Greetings, I apologize in advance for the long post.
Problem abstract: field discovery and extract work great, but searching on extracted fields gives weird results.
Input stream: single-line events made up of unordered keyword/value pairs. Each pair has format KEYWORD^VALUE, where "^" is the K=V separator.
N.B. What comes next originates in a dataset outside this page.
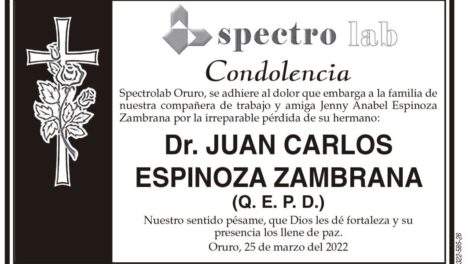 Condolencia por la pérdida del Dr. Juan Carlos Espinoza Zambrana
Pairs are delimited by 0x1F. One example event is below:
action_forunit^n/a\x1Faction_type^action_execute\x1Fresource_id^ELFVIEW\x1FappId^ERD\x1Fresource_currency^USD\x1FcorrId^0\x1FtimeStamp^1378492210757\x1FeventType^3000\x1Faction_foruser^InformDeveloper\x1Fhostname^rsomdavecs01\x1Fresource_amount^0.0\x1Faction_forcustomer^n/a\x1Faction_foraccount^n/a\x1Faction_forregion^n/a\x1Faction_forgroup^unknown\x1Fresource_info^n/a\x1Fresult_info^n/a\x1Faudit_level^1\x1Faction_info^Performing doGet() of the MainServlet\x1FcomponentId^ELFView\x1Fresource_name^ELF View Web Application\x1FsessionId^N/A\x1Fresource_idtype^product_code\x1Fresult_type^result_success\x1Fresource_type^resource_product\x1F
Note: The sequence "\x1F" above represents a single byte 0x1F, as represented in Splunk search, but have verified actual 0x0f using hex dump.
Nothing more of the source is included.